Cosicché, ora, si nutre la speranza – come avrebbe ironizzato l’indimenticabile Giuseppe Ciarrapico – che alle tante chiacchiere fin qui offerteci, segua una qualche proposta vera e seria al di là delle sostanziali velleità non a caso diffuse dal leggendario “Contratto” a due, nel quale, ad ogni buon conto, non può non intravedersi quella derivazione giacobina che ha riempito d’orgoglio i pentastellati svuotandoli, quasi sempre, di risorse e progetti non solo ad hoc, ma, soprattutto, nei confronti della stessa azione governativa.

In realtà, il capovolgimento delle (enormi) promesse elettorali nella (modesta) fattualità del day-by-day da Palazzo Chigi non è infrequente, sia a destra che al centro che a sinistra. Ma nel caso in questione assume caratteri a loro modo indicativi e suggestivi di quanto il populismo sotto braccio alla demagogia e coniugato con l’uso dei social network consista nelle declamazioni pro domo (elettorale) sua e nelle susseguenti manifestazioni di vera e propria incapacità di governo e sullo sfondo di una latitanza programmatica nascosta dall’impeto mediatico e, soprattutto, dalla mancanza di una opposizione degna di questa nome.

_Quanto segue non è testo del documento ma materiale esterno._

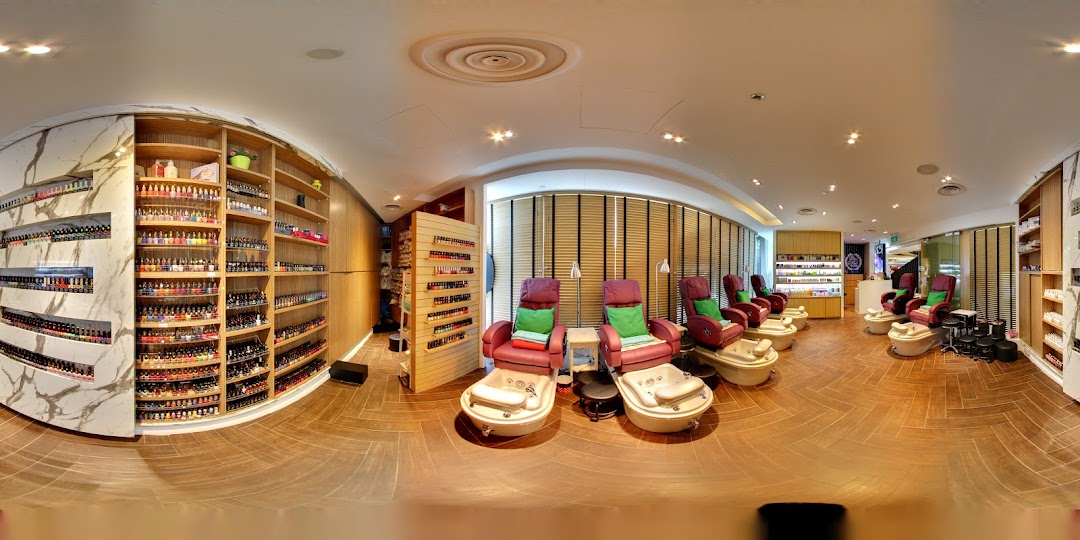 A panoramic view of a modern nail spa interior with multiple pedicure stations and extensive nail polish displays.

Se è infatti difficile intravedere nel zingarettismo una risposta forte e incisiva alla maggioranza, risulta non poco ostica l’osservazione e la conseguente risposta a proposito dell’opposizione di una Forza Italia nella quale non sarebbe difficile comunque l’assunzione di un “No!” (col punto esclamativo) non solo allo straparlare pentastellato, ma alle stesse posizioni di un Matteo Salvini del quale, invece, si reclama proprio quell’alleanza che da lui stesso è stata buttata al macero e che è posta in discussione, sia pure con allusioni, proprio dal leader forzista nella misura e nella determinazione di una cattura sistematica di personaggi già berlusconiani e collocati, per ora, nell’orbita, peraltro in crescita, di Giorgia Meloni.

Come si dice ora: non è vero, ma ci credo. E dopo?